Discuss your observations.

### Question 4: Create the histogram of movie description length. Set the number of bins to 20.

In [None]:
def hist_description_length(movies):
    # Given movies dataframe, implement the function that generates a histogram of movies description length. 
    # Hint: in histogram, x-axis shows the length of description, and y-axis shows the number of movies with the corresponding length.

    ############# Your code here ############
    
    #########################################
    
hist_description_length(movies)

Discuss your observations.

# 2) Deriving content representation with BERT

BERT (Bidirectional Encoder Representations from Transformers) provides rich, contextual embeddings that can capture semantic meaning. See [Devlin, Jacob, et al. "Bert: Pre-training of deep bidirectional transformers for language understanding." NAACL-HLT 2 2019](https://aclanthology.org/N19-1423.pdf) for more details.

In [14]:
def create_bert_embeddings(content):
    """
    Generate BERT embeddings for movie content.

    Args:
        content: Content of items

    Returns:
        numpy.ndarray: BERT embeddings matrix
    """
    if not BERT_AVAILABLE:
        print("BERT libraries not available. Install with: pip install transformers torch")
        return None

    if content is None:
        return None

    if isinstance(content, pd.Series):
        content = content.fillna("").astype(str).tolist()
    elif isinstance(content, np.ndarray):
        content = content.astype(str).tolist()

    model_name = 'distilbert-base-uncased'

    print(f"Loading BERT model: {model_name}")

    # Load tokenizer and model
    tokenizer = AutoTokenizer.from_pretrained(model_name)
    model = AutoModel.from_pretrained(model_name)

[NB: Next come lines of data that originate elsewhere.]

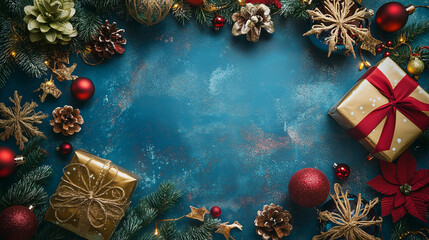 Obraz premium Na tle w intensywnym odcieniu niebieskiego, pełnym świątecznego uroku, znajduje się pięknie zaprojektowana kartka z życzeniami.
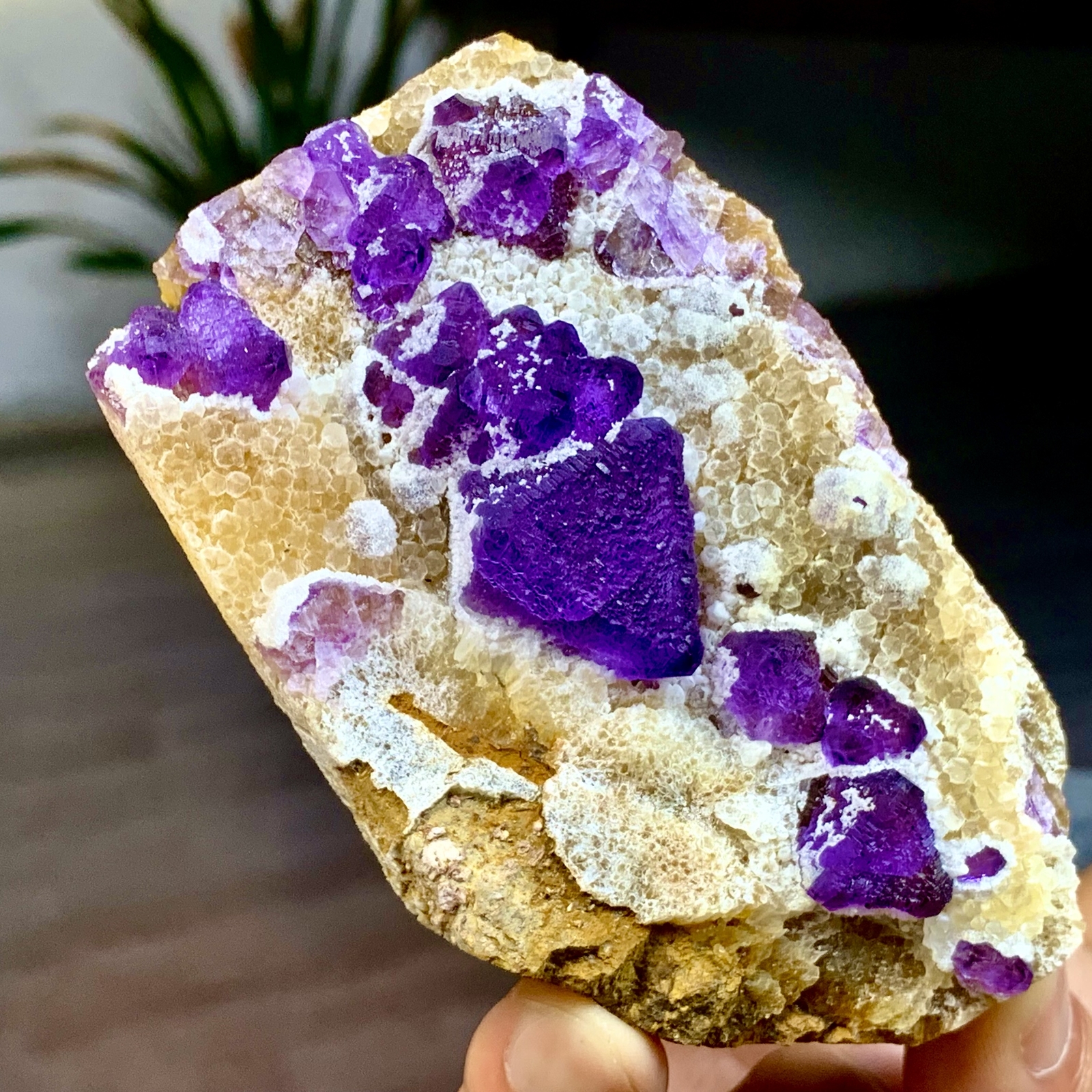 149G rare transparent Purple cubic fluorite mineral crystal sample/China-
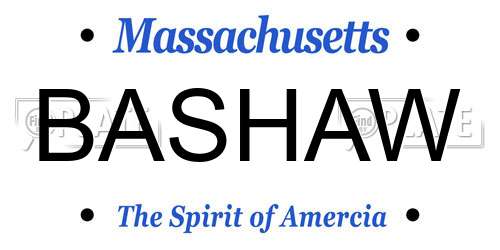 BASHAW Massachusetts License Plate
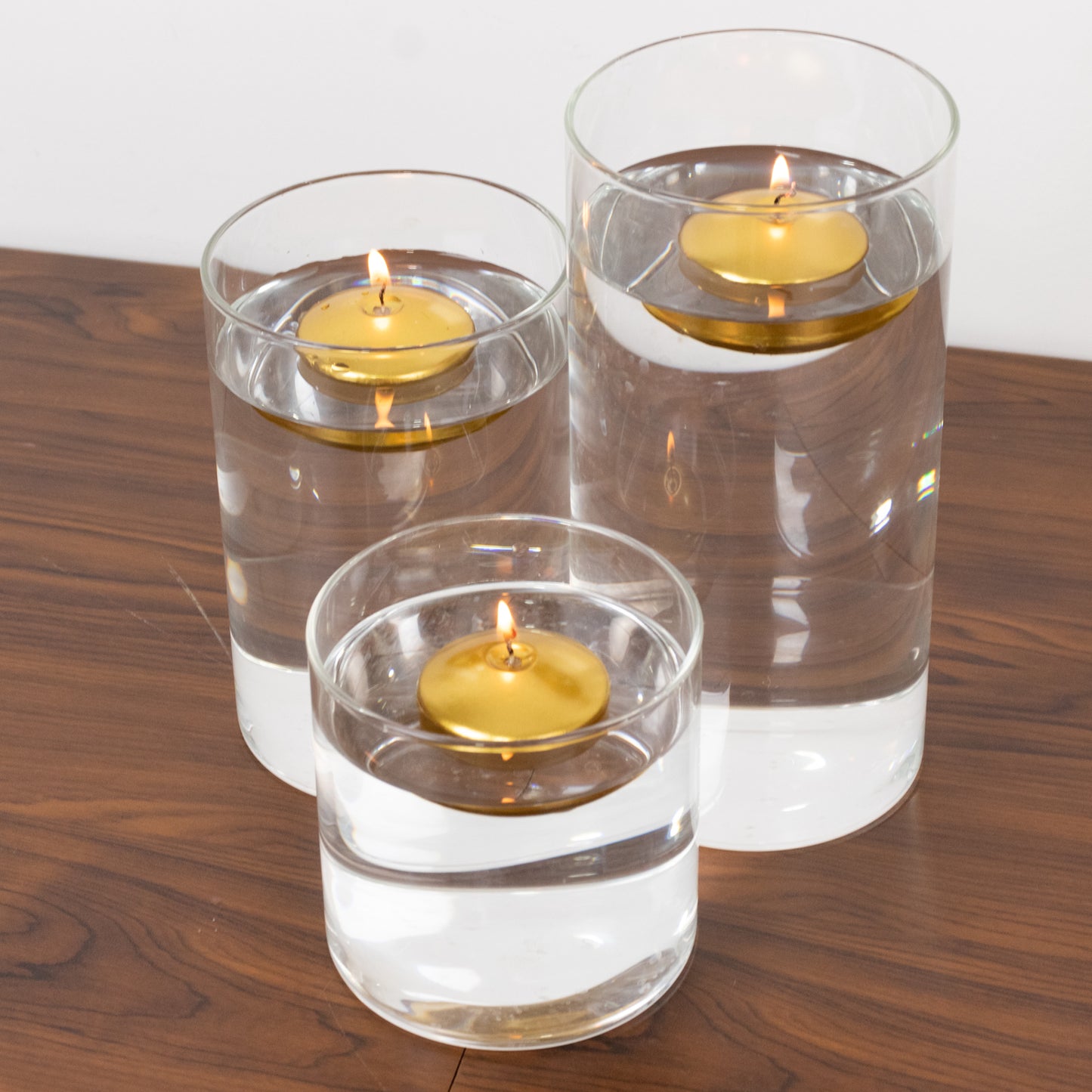 12 Pack 2" Metallic Gold Floating Candles – Unscented Dripless Long-Lasting Disc Wax Candles for Weddings & Table Décor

    # Set device (GPU if available)
    device = torch.device('cuda' if torch.cuda.is_available() else 'cpu')
    print(f"Using cuda or cpu: {device}")
    model.to(device)
    model.eval()

    print(f"Using device: {device}")

    # Generate embeddings in batches
    batch_size = 32  # Adjust based on available memory
    emb = []

    for i in range(0, len(content), batch_size):
        if i % (batch_size * 10) == 0:
            print(f"Processing batch {i//batch_size + 1}/{len(content)//batch_size + 1}")

        batch_texts = content[i:i + batch_size]

        # Tokenize batch
        inputs = tokenizer(
            batch_texts,
            padding=True,
            truncation=True,
            max_length=512,
            return_tensors='pt'
        )

        # Move to device
        inputs = {k: v.to(device) for k, v in inputs.items()}

        # Generate embeddings
        with torch.no_grad():
            outputs = model(**inputs)

            # Use [CLS] token embedding (first token)
            batch_embeddings = outputs.last_hidden_state[:, 0, :].cpu().numpy()
            emb.extend(batch_embeddings)

    emb = np.array(emb)

    print(f"BERT embeddings generated: {emb.shape}")
    print(f"Embedding dimension: {emb.shape[1]}")

    return emb

You can get the content representation using BERT as follows:

In [None]:
# Sample content
sample_content = ['aa','ab','ac','bc']

# Generate BERT embeddings (this may take several minutes)
print("Generating BERT embeddings...")
bert_embeddings = create_bert_embeddings(sample_content)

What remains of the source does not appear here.